Notable Missing Features

  • Documentation. Absolutely nothing yet - even the Javadocs are very sparse (or their Kotlin equivalents).
  • Analogue inputs from game controllers
  • There is currently only one kind of view, where objects are drawn in z-order. Other types of views are needed for isometric (2.5D) games. Also no support if you want to reproduce old-school classics like Asteroids or Defender, where the world wraps round from one side to the other.
  • Destructive landscapes (think of the game "Lemmings", where objects can be "eaten away").
  • Path calculation (known as A-star).
  • Scene transitions, such as fading from one scene to another, or sliding one scene away to reveal the next.

Speed

My aforementioned crusty T400 quite happily handles 8,000 circular objects bouncing around and colliding with each other at 60 FPS. And I haven't even started optimising the rendering yet. Using JBox2D, it achieves only about 1,200 circular objects, but the simulation is far superior, and much more flexible.

For the kind of games I want to write, and given that my laptop is very old, the speed is perfectly acceptable for my needs.

Multi-Threading

There is currently no multi-threading in the main game loop. The rendering happens after the game objects' behaviours, which all happen in series. This makes writing games simple, as there are no concerns about locking and such. However, this doesn't make the most of your CPU!

When A-Star path calculations are implemented, these will be in a separate thread, and game writers can spawn threads of their own if desired.

Garbage Collection

A major downside of using Kotlin (or any managed language) for games is the dreaded frame-drop while the garbage collector does its thing. To alleviate this, many objects, such as Color, and Vector are mutable, and rather than creating a new Color object, you should alter the rgba values of an existing Color object. This helps out the GC, but does mean you need to be careful not to share a single instance. For example, you cannot have a single static Color.WHITE (being mutable means it may not *stay* white!).

The Far Future

Don't hold you breath, it's possible that I'll never work on these features, but it's fun just thinking about them!

I would like to support Android devices, but I've not even looked at this yet.

It would be nice to have HTML5 support too, but that's probably harder than Android. Kotlin does support compiling down to Javascript, but I've never tried it.

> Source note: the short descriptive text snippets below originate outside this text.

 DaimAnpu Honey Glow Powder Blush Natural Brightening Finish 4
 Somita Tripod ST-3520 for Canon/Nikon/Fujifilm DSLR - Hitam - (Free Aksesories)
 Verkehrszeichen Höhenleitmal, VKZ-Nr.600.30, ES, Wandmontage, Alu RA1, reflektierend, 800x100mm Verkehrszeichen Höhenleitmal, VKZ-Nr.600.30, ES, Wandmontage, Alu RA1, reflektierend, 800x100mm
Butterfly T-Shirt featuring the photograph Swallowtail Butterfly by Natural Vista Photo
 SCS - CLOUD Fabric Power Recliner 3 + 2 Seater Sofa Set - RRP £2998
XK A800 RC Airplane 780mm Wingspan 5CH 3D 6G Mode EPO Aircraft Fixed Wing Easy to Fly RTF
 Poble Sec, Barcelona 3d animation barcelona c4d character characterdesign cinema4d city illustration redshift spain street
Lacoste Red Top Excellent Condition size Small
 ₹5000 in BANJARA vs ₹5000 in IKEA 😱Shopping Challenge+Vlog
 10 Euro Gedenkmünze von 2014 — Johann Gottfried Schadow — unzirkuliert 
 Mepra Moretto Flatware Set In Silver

A Scratch-like version of the editor suitable for young children with no programming experience. Stripped of many complexities, and with the same drag and drop GUI based programming as Scratch. This would be wonderful, but a lot of work!

History

Over a decade ago, my nephew, Matthew introduced me to Scratch. A really nice product for young children to get into programming in a fun, and simple manner. However, I really disliked the anti-patterns that Scratch encourages. For example,every character had its own code, and if you wanted two of them, you had to duplicate the code. Eeek! (Hopefully this has improved since then, but I haven't checked).

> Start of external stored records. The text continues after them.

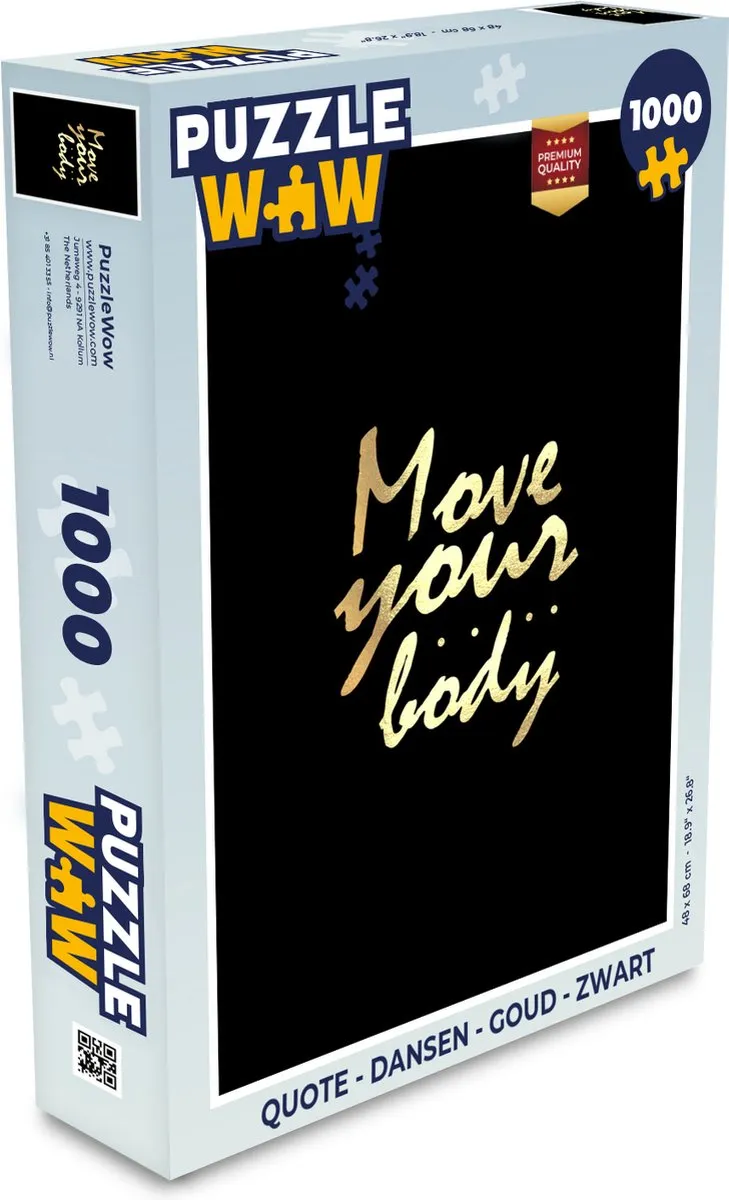 PuzzleWow Quote Dansen Legpuzzel 1000 Stuks
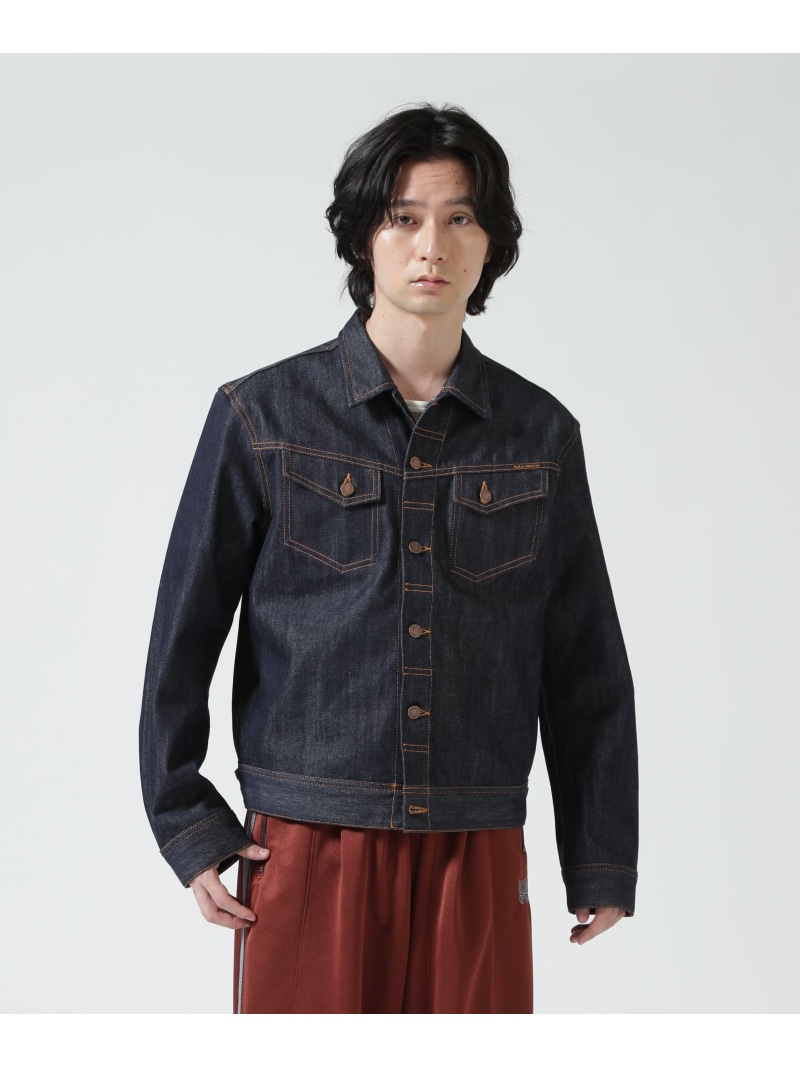 ROYAL FLASH Nudie Jeans/ヌーディージーンズ/Conny Denim Jacket ロイヤルフラッシュ ジャケット・アウター ブルゾン・ジャンパー ブルー【送料無料】｜ Fashion Men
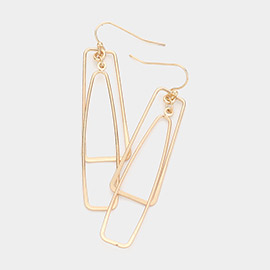 Geometric Open Metal Dangle Earrings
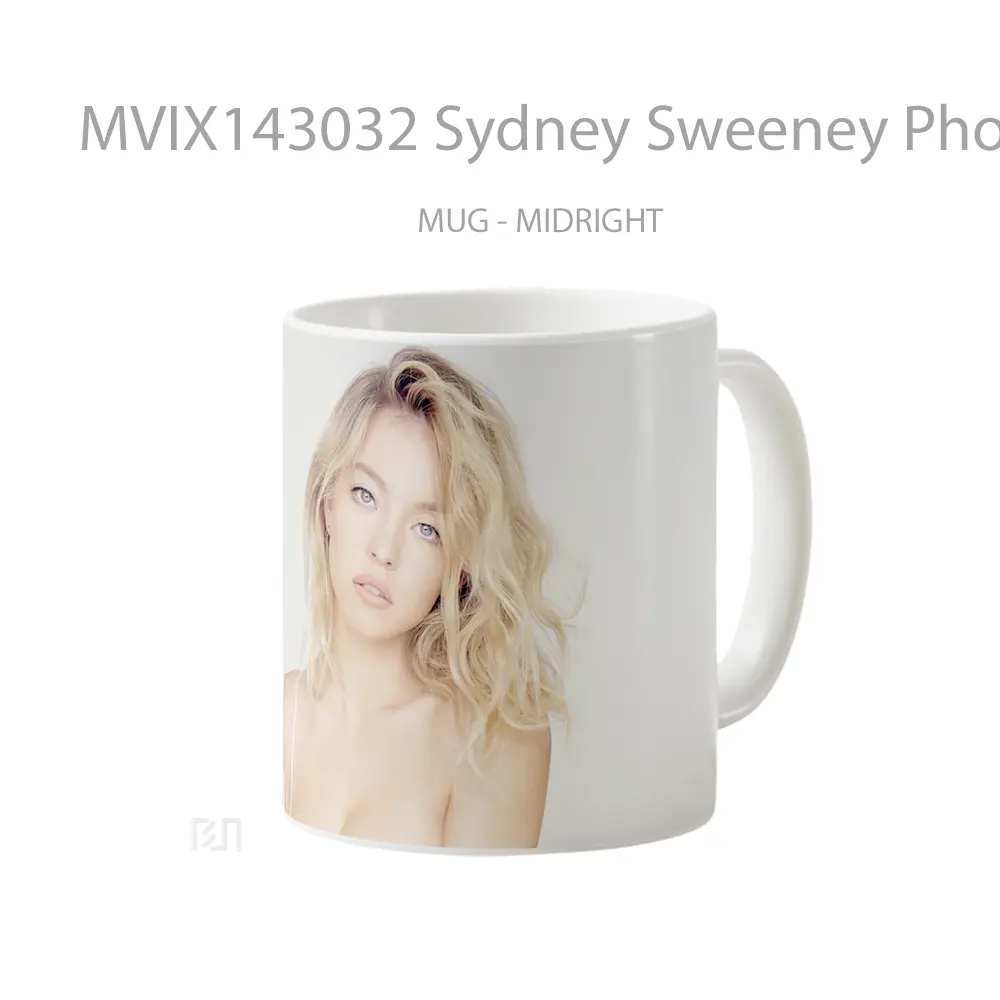 Mug Sydney Sweeney Photo Gelas Keramik Unik - All-side / Desain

I wanted something that was a step up from Scratch - avoiding those anti-patterns, and using *real* classes, and real code (not the drag and drop GUI). i.e. something suitable for teenagers to take the next step in their programming journey.

My first attempt, called Itch, was written in Python, and I soon realised, that I hated Python. Being a dynamic language, even something as simple as renaming a class or a field is HARD! I did finish Itch, but created only one decent game - a souped up version of Thrust - A BBC Micro classic.

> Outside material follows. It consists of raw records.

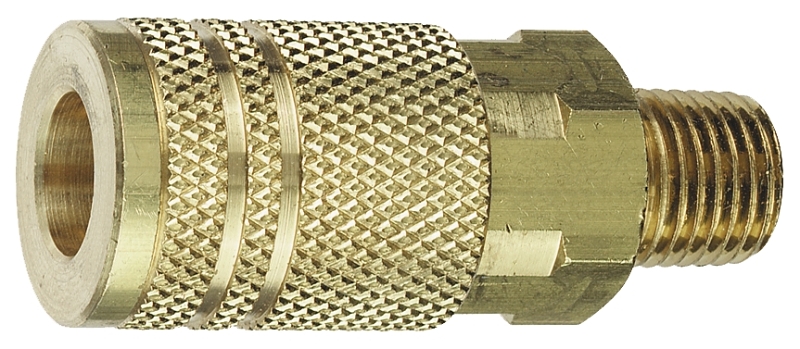 COUPLER AIR LINE MALE 1/4     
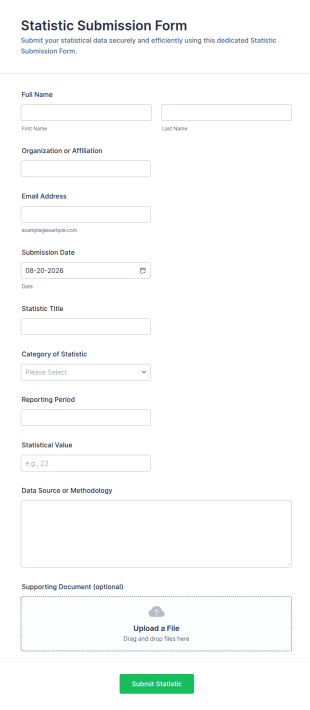 Statistic Submission Form Template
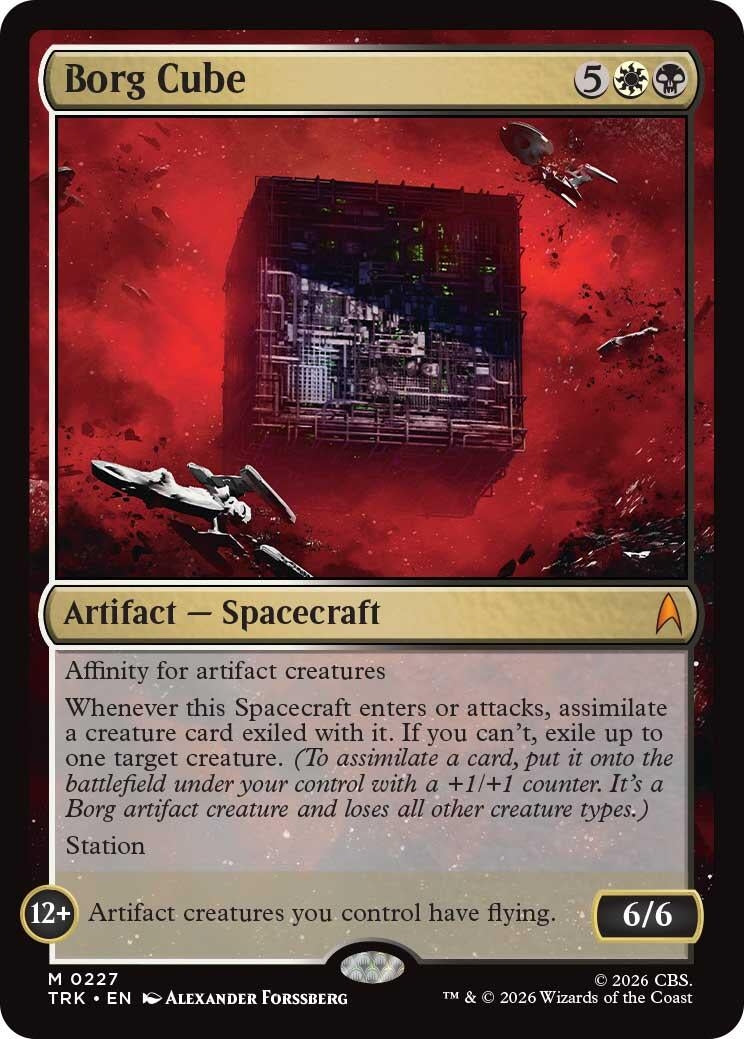 Image for Borg Cube (227) (TRK) - Magic: The Gathering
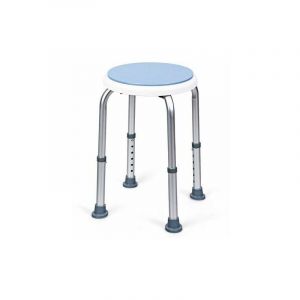 Tabouret de douche pivotant &agrave; 360&deg;, Tabouret de Douche r&eacute;glable en Hauteur pour la Douche, Chaise de bain de banc de douche, Charge maximale : 136 kg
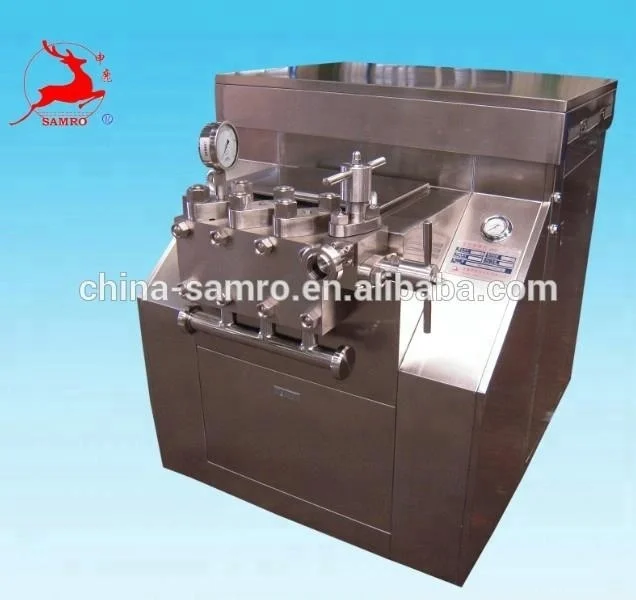 small milk processing plant 1000L/H homogenizer machine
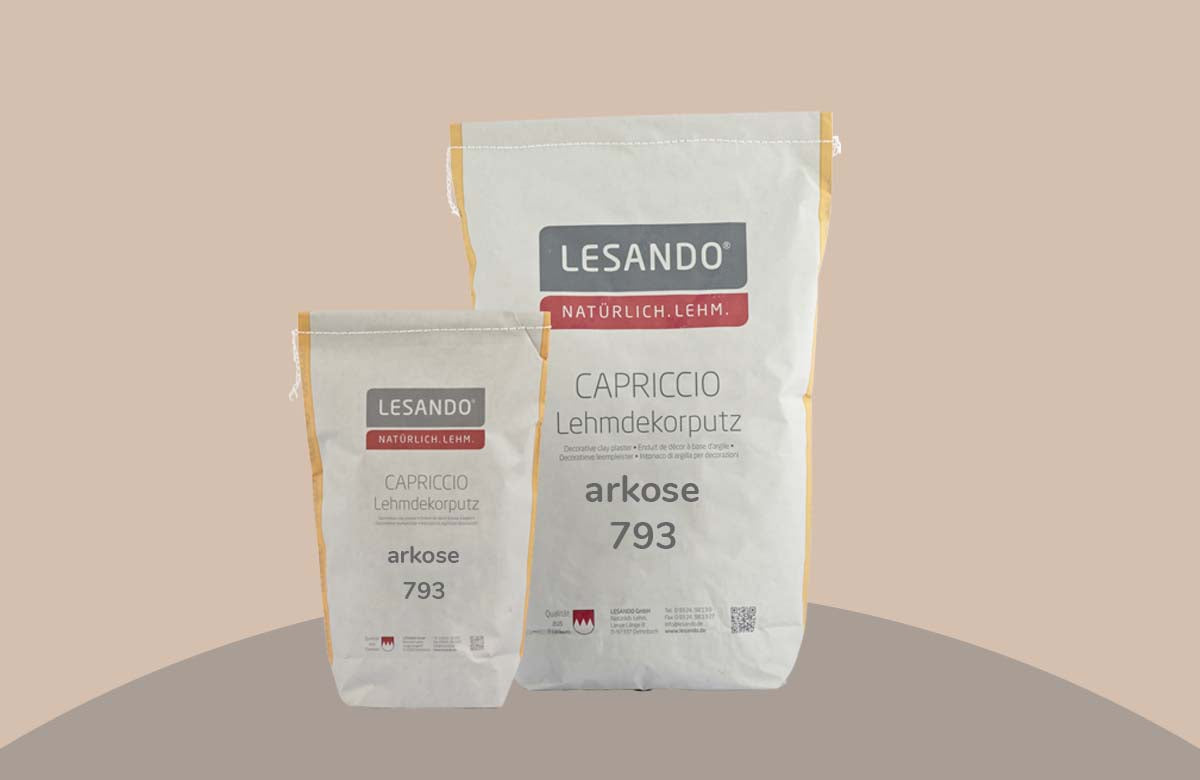 farbiger Lehmputz, Lehmdekorputz Capriccio, Farbserie anno 2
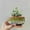 C, variant on Ceramic Succulent Planter Pot, Glazed Round Flower Pot with Bamboo Tray, Small Cactus Planter for Home, Office, Garden Decor ( 3.9" x 2.0" )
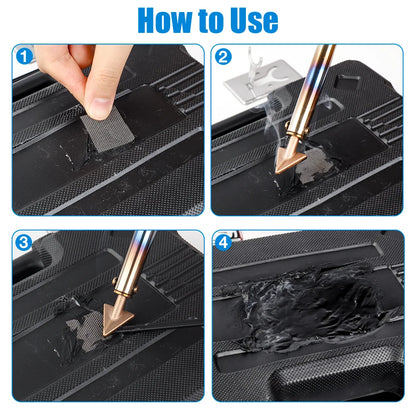 Plastic Welding Repair Kit with Stainless Steel Mesh & Rods for Car Bumper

So, I started again from scratch (no pun intended), and created Itchy, written in Java. At the time SDL 1.x seemed like a good back-end, but it has its limitations. Firstly, it doesn't use hardware graphics acceleration. The speed was still decent though. Oddly, I tinkered with SLD2, which on paper should have faster, but turned out to be slower. Not sure why. Hmm. The bigger problem was caused by the lack of Java binding for SDL. They did exist, but sucked. So I created my own, called Jame. Together, Jame and Itchy did what I wanted, but maintaining Jame became too onerous. I have a strong dislike of Windows, and its lack of dependency management. Compiling Jame under windows was horrible. It required a dozen or so dlls, many of which I was not sure of their veracity. Downloading executables from random web sites doesn't seem like a good idea, and there was no way to automate the C dependencies that I needed. Compiling under Linux was a bit weird, but worked well.

Despite my (too gentle?) persuasion, my target audience for Itchy (my nephew) didn't use Itchy, which is a shame, but I did create numerous games myself, including Pyrox, which is a Repton/XOR style game, also BBC Micro classics, both of which I loved as a child.

About a year ago, I discovered the language Kotlin, and it soon supplanted Java as my favourite language. It was time for a Kotlin based game engine, and Tickle was born. After a mere six weeks work, Tickle reached the point where I can start writing full-featured games.

I don't consider Itch and Itchy a waste of time. Firstly, they were both enjoyable to write. Secondly, it has been fascinating to reimplement the same basic design goals three times. I can see how much I've improved as a programmer. It's also given me insights by comparing different technologies : Python vs Java vs Kolin and also PyGame vs SDL vs LWJGL.

One reason for Tickle's rapid development is the re-use of another of my projects : ParaTask. The Resources Editor relies heavily on ParaTask, and the Scene Editor uses it a little too.